How to complete this task
Reproduce the entries shown below only from the line with "mph041_771540548_d74894c3b6b8df0a4668b477e0614402x_082227e58d" down to the line with "Building Photo - 8918 Hartford River Ln", keeping both end lines and copying each one exactly.
───── Exercise data
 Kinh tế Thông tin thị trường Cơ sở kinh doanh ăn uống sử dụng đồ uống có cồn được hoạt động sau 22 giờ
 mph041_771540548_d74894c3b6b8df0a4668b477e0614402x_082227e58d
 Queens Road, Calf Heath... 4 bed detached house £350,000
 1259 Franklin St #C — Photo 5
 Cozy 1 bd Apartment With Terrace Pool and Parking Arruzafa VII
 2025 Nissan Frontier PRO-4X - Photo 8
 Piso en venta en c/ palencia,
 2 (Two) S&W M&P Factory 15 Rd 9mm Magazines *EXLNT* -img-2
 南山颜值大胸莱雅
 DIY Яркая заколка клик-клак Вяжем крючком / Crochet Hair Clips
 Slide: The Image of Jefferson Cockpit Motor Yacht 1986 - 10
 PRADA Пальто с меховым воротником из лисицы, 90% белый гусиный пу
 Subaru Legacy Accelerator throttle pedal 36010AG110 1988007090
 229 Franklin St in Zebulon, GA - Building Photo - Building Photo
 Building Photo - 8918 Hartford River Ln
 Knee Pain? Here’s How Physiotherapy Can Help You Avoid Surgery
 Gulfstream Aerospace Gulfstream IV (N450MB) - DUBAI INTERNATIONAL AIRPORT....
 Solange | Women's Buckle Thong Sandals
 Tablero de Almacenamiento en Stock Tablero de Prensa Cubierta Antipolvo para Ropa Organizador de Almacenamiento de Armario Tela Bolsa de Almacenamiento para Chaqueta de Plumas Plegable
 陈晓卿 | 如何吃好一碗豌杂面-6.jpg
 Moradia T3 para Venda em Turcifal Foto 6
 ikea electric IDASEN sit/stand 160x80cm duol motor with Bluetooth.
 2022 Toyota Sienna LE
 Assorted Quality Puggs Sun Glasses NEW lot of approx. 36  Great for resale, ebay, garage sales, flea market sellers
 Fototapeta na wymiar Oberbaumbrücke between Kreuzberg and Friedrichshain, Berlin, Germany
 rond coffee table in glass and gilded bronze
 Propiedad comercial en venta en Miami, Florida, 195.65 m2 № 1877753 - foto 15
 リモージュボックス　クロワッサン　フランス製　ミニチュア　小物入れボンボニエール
──────────
Task solution
 mph041_771540548_d74894c3b6b8df0a4668b477e0614402x_082227e58d
 Queens Road, Calf Heath... 4 bed detached house £350,000
 1259 Franklin St #C — Photo 5
 Cozy 1 bd Apartment With Terrace Pool and Parking Arruzafa VII
 2025 Nissan Frontier PRO-4X - Photo 8
 Piso en venta en c/ palencia,
 2 (Two) S&W M&P Factory 15 Rd 9mm Magazines *EXLNT* -img-2
 南山颜值大胸莱雅
 DIY Яркая заколка клик-клак Вяжем крючком / Crochet Hair Clips
 Slide: The Image of Jefferson Cockpit Motor Yacht 1986 - 10
 PRADA Пальто с меховым воротником из лисицы, 90% белый гусиный пу
 Subaru Legacy Accelerator throttle pedal 36010AG110 1988007090
 229 Franklin St in Zebulon, GA - Building Photo - Building Photo
 Building Photo - 8918 Hartford River Ln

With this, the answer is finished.